> _THE PROBLEM_:
Using the listing below, output only the lines from the one that contains "AEMC Instruments Power" through the one that contains "Spazio/Colore #264", inclusive, exactly as given and without images.

> _LISTED RECORDS_:

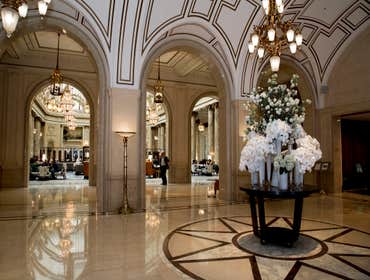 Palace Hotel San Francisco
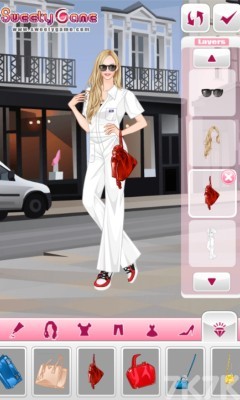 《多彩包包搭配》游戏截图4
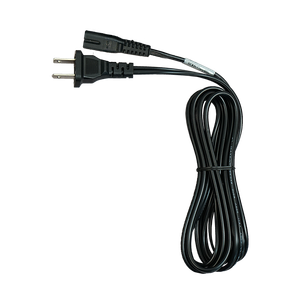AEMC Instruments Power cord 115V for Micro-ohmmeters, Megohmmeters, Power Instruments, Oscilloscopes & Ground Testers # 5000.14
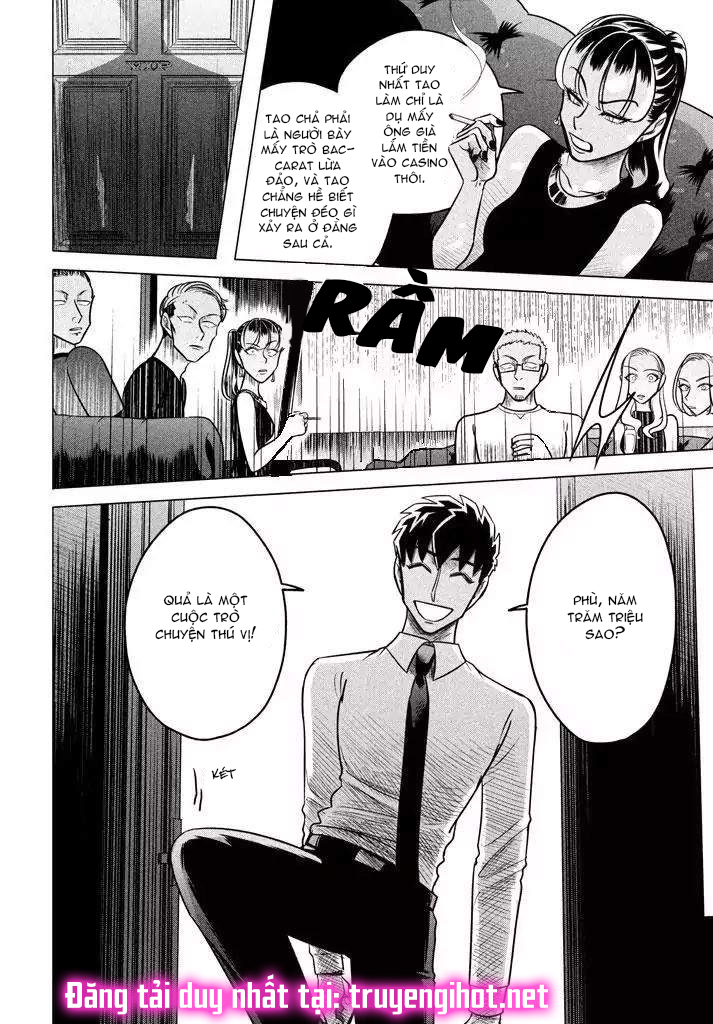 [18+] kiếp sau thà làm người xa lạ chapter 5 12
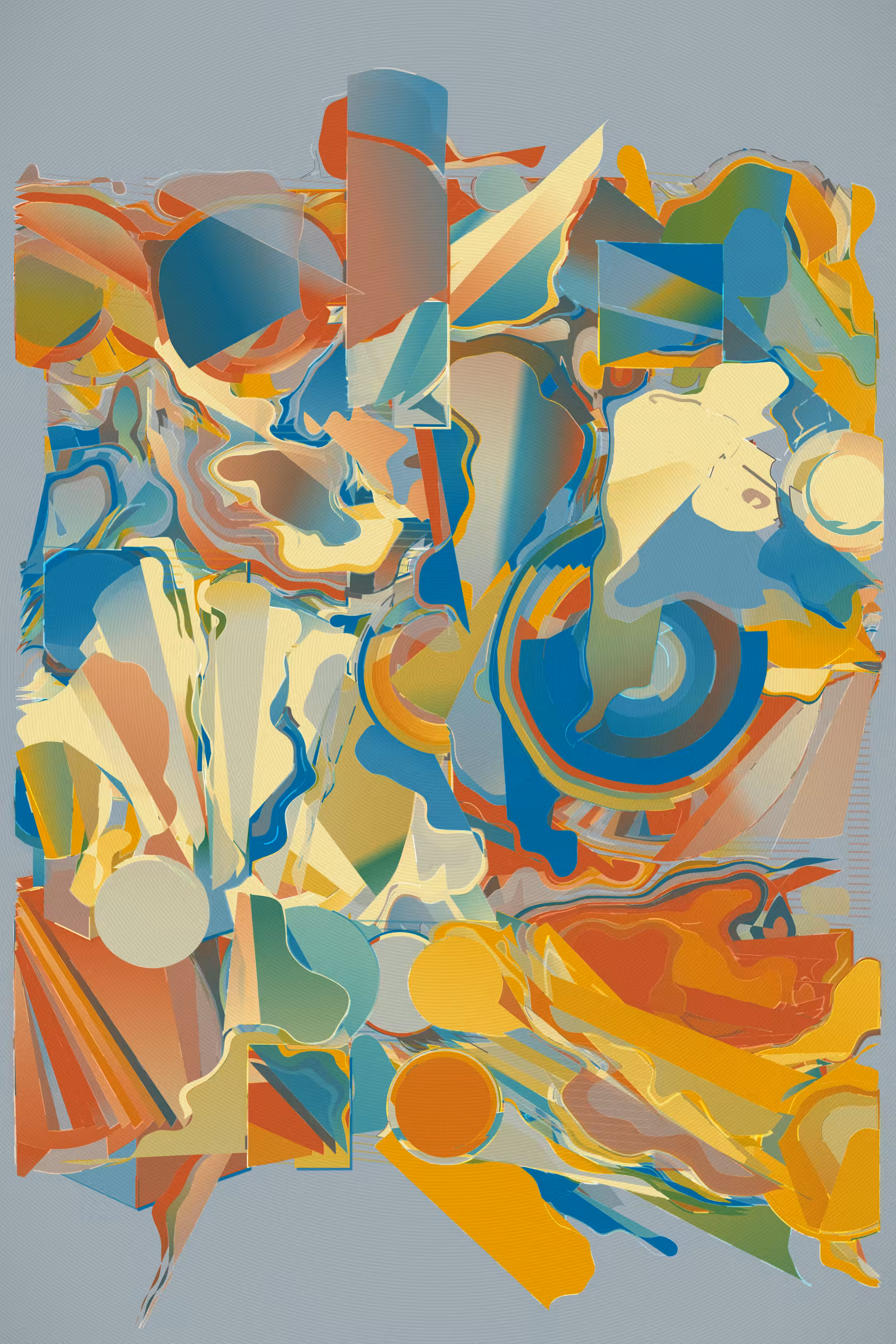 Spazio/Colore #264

* * *

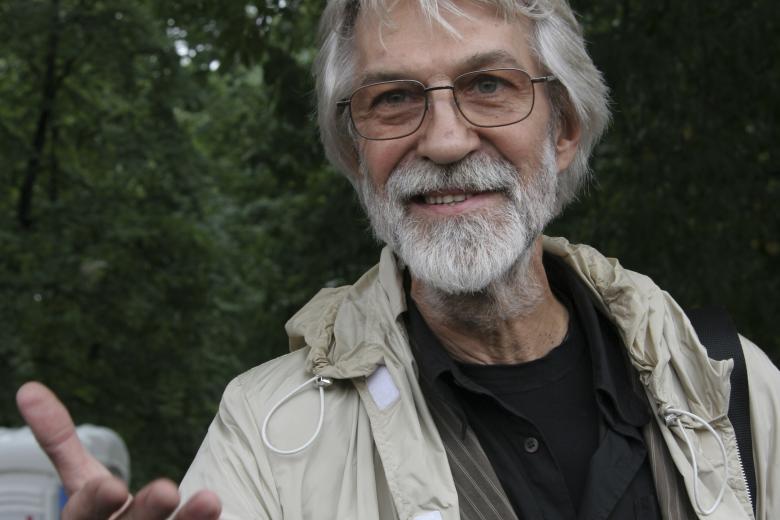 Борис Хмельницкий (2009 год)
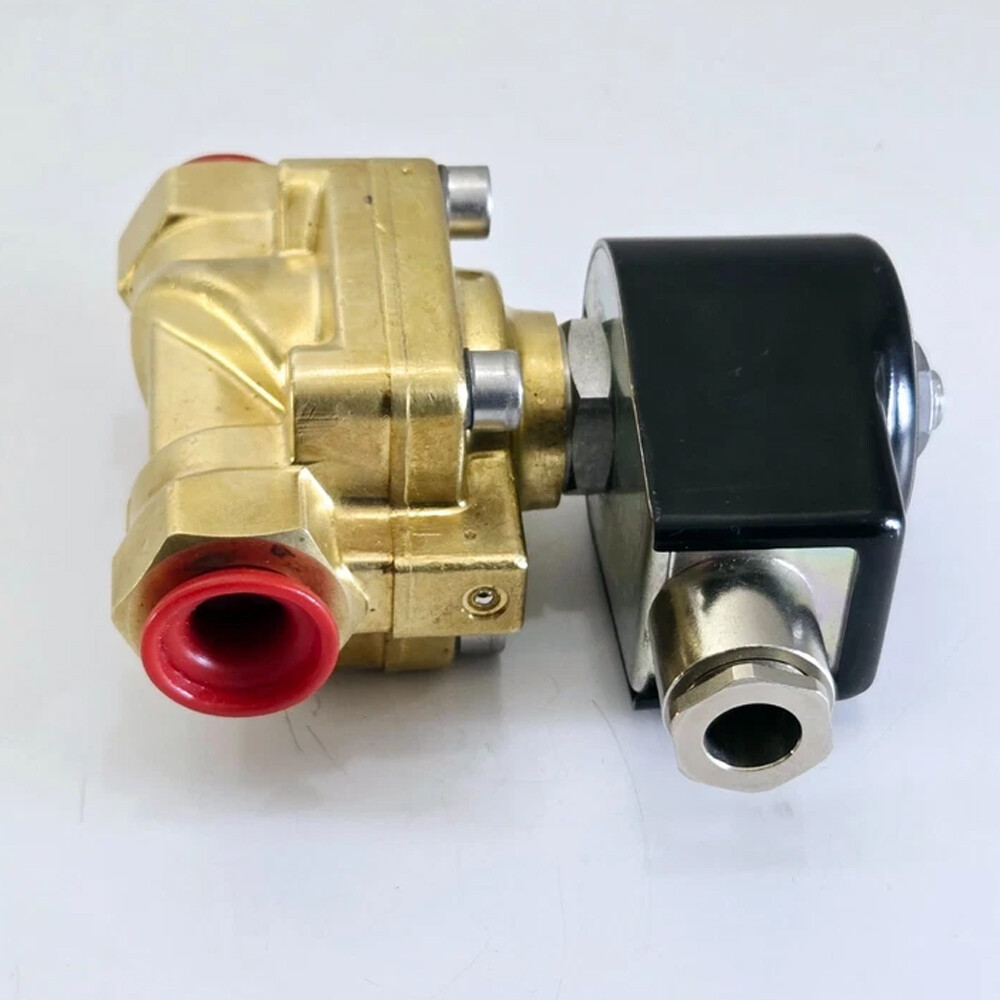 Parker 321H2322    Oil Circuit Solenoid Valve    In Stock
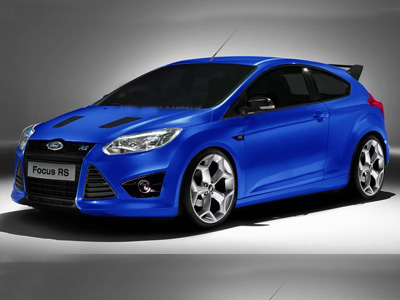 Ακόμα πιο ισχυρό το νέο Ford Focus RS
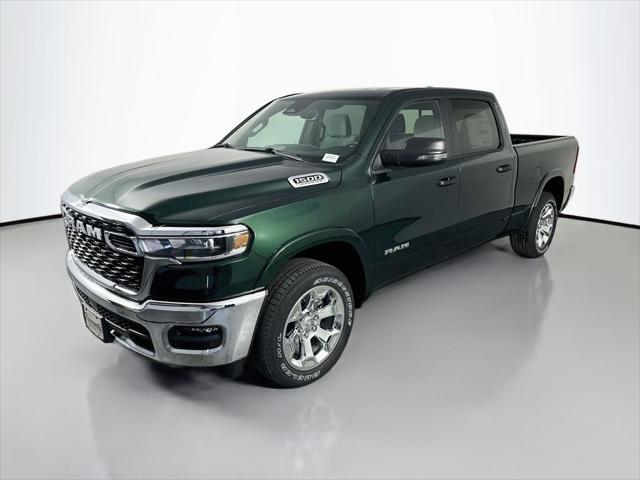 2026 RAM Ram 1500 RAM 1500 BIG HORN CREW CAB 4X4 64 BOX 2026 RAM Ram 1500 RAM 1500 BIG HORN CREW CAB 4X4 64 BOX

> _OUTPUT FOR THIS EXERCISE_:
AEMC Instruments Power cord 115V for Micro-ohmmeters, Megohmmeters, Power Instruments, Oscilloscopes & Ground Testers # 5000.14
 [18+] kiếp sau thà làm người xa lạ chapter 5 12
 Spazio/Colore #264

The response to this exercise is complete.